(Beginning of DATA SECTION)

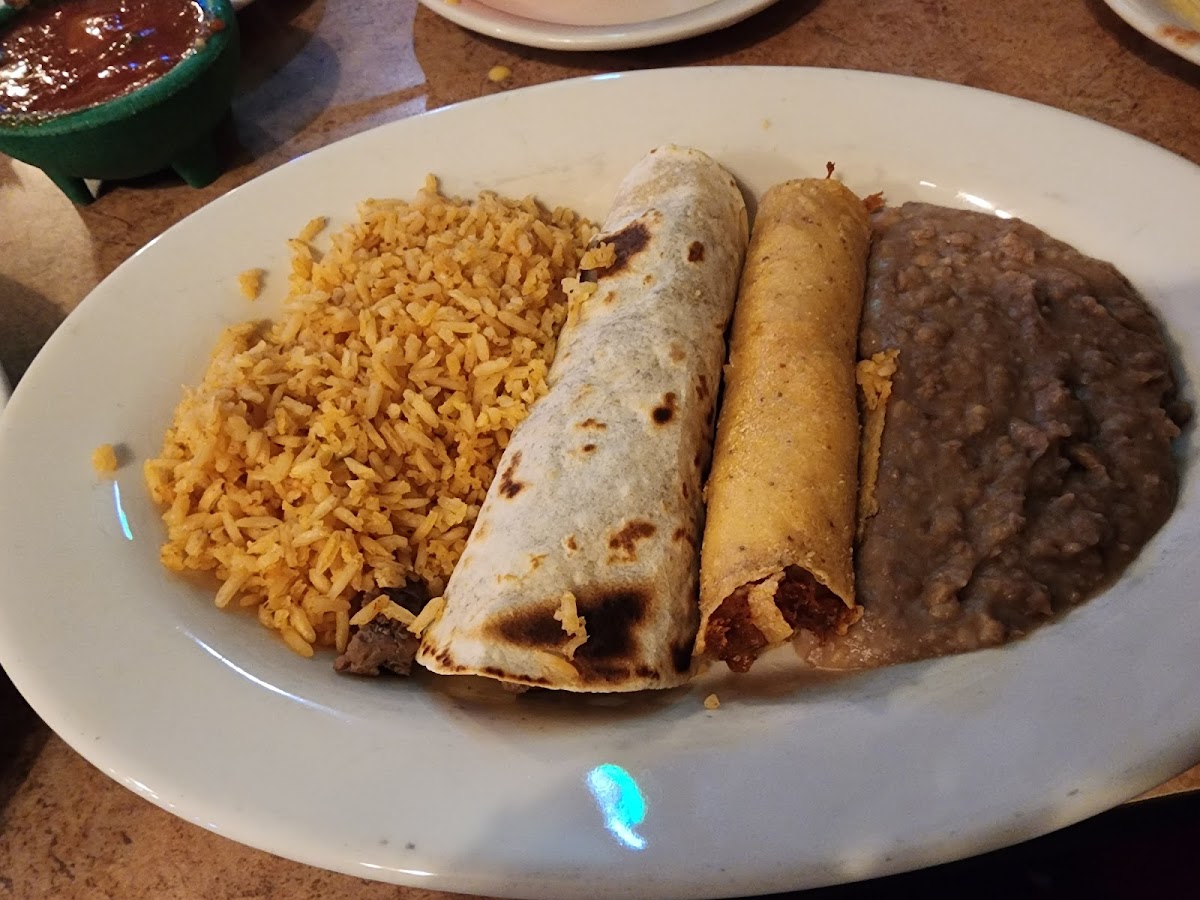 Two Amigos Mexican Restaurant - Photo 1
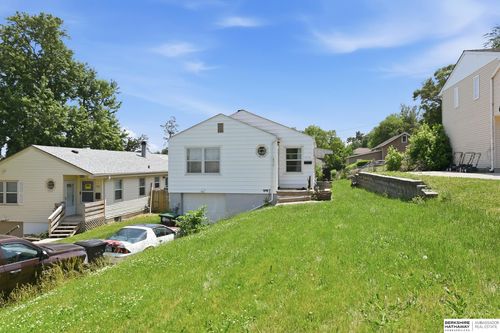3115 Grebe St, Omaha, NE, 68112-2105 | Card Image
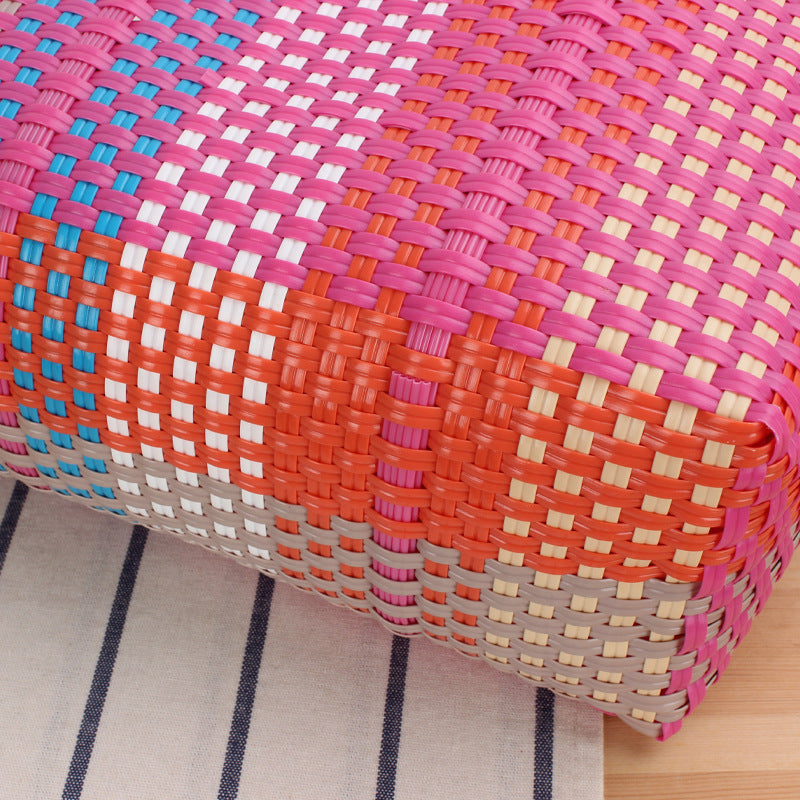 Trendy shopping bag made of handwoven material with playful details Bowlift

(End of DATA SECTION)

§ WHAT YOU HAVE TO DO
Repeat the listing word for word, but without its pictures.

§ FINISHED EXERCISE
 Two Amigos Mexican Restaurant - Photo 1
3115 Grebe St, Omaha, NE, 68112-2105 | Card Image
 Trendy shopping bag made of handwoven material with playful details Bowlift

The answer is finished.